It is hereby ORDERED that the order so appealed from is unanimously modified on the law by determining that defendant is a level two risk pursuant to the Sex Offender Registration Act and as modified the order is affirmed without costs.

Memorandum: On appeal from an order adjudicating him to be a level three risk pursuant to the Sex Offender Registration Act ([SORA] Correction Law § 168 et seq.), defendant contends that County Court erred in assessing points under risk factors 3, 4 and 12, and that the court deprived him of due process when it sua sponte assessed points under risk factor 2 for having engaged in deviate sexual intercourse. We agree with defendant that the court erred in assessing points under risk factor 4, and we therefore deduct 20 points from his score on the risk assessment instrument (RAI). Doing so reduces defendant's score to 95, making him a presumptive level two risk. Neither defendant nor the People sought a departure from the presumptive risk level. We therefore modify the order by determining that defendant is a level two risk pursuant to SORA.

As a preliminary matter, we note that defendant failed to preserve his contention that the court violated his due process rights by sua sponte assessing 15 more points under risk factor 2 than requested by the People (see People v Chrisley, 172 AD3d 1914, 1914-1915 [4th Dept 2019]; see generally People v Koons, 108 AD3d 1212, 1212-1213 [4th Dept 2013]). We decline to review that contention in the interest of justice (see People v Charache, 32 AD3d 1345, 1345 [4th Dept 2006], affd 8 NY3d 829 [2007]; cf. Chrisley, 172 AD3d at 1915).
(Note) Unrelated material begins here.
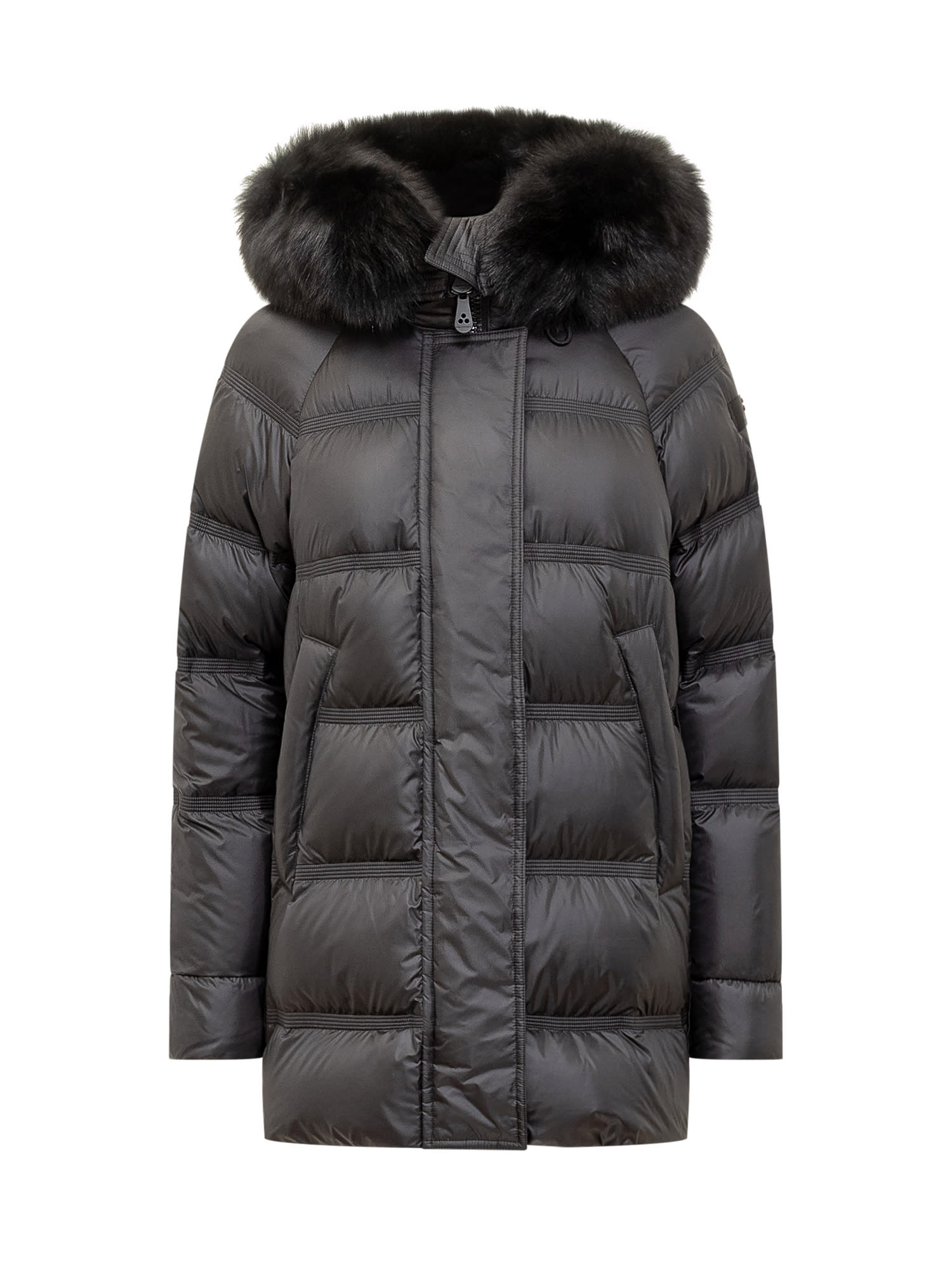 Shop Peuterey Takan Down Jacket In Black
With respect to risk factor 12, we reject defendant's contention that the court erred in determining that he failed to accept responsibility for his crime. Although defendant admitted to the police that he had sexual contact with the victim and later defendant pleaded guilty to sexual abuse in the first degree, we agree with the court that defendant minimized his conduct when discussing his offense with the probation officer who prepared the presentence investigation report, thus warranting the assessment under risk factor 12 (see People v Berdejo, 192 AD3d 923, 924 [2d Dept 2021], lv denied 37 NY3d 912 [2021]; People v Askins, 148 AD3d 1598, 1599 [4th Dept 2017], lv denied 29 NY3d 912 [2017]; People v Dubuque, 35 AD3d 1011, 1011 [3d Dept 2006]). Thus, "[t]aking all of defendant's statements together, we conclude that they 'do not reflect a genuine acceptance of responsibility as required by the risk assessment guidelines' " (Askins, 148 AD3d at 1599).
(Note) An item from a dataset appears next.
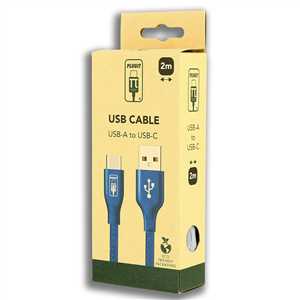 CÂBLE USB-A VERS USB-C - NEON BLEU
The court erred, however, in assessing 20 points under risk factor 4 for having engaged in a continuous course of sexual misconduct. Points may be assessed under risk factor 4 if, as [*2]relevant here, the People establish by clear and convincing evidence that defendant engaged in "two or more acts of sexual contact, at least one of which is an act of sexual intercourse, oral sexual conduct, anal sexual conduct, or aggravated sexual contact, which acts are separated in time by at least 24 hours" (Sex Offender Registration Act: Risk Assessment Guidelines and Commentary at 10 [2006]; see People v Haresign, 149 AD3d 1578, 1579 [4th Dept 2017]). Here, "[a]lthough the People presented evidence that defendant engaged in acts of sexual contact with the victim on more than one occasion, they failed to establish 'when these acts occurred relative to each other' " (People v Edmonds, 133 AD3d 1332, 1332 [4th Dept 2015], lv denied 26 NY3d 918 [2016]), and thus failed "to demonstrate that such instances were separated in time by at least 24 hours" (People v Jarama, 178 AD3d 970, 971 [2d Dept 2019]; see People v Farrell, 142 AD3d 1299, 1300 [4th Dept 2016]).

Defendant's remaining contention that the court erred in assessing points under risk factor 3 "is academic because, even without the [2]0 points at issue, defendant would still qualify as a level two risk" (People v Robinson, 160 AD3d 1441, 1442 [4th Dept 2018]; see People v Riddick, 139 AD3d 1121, 1122 [3d Dept 2016]).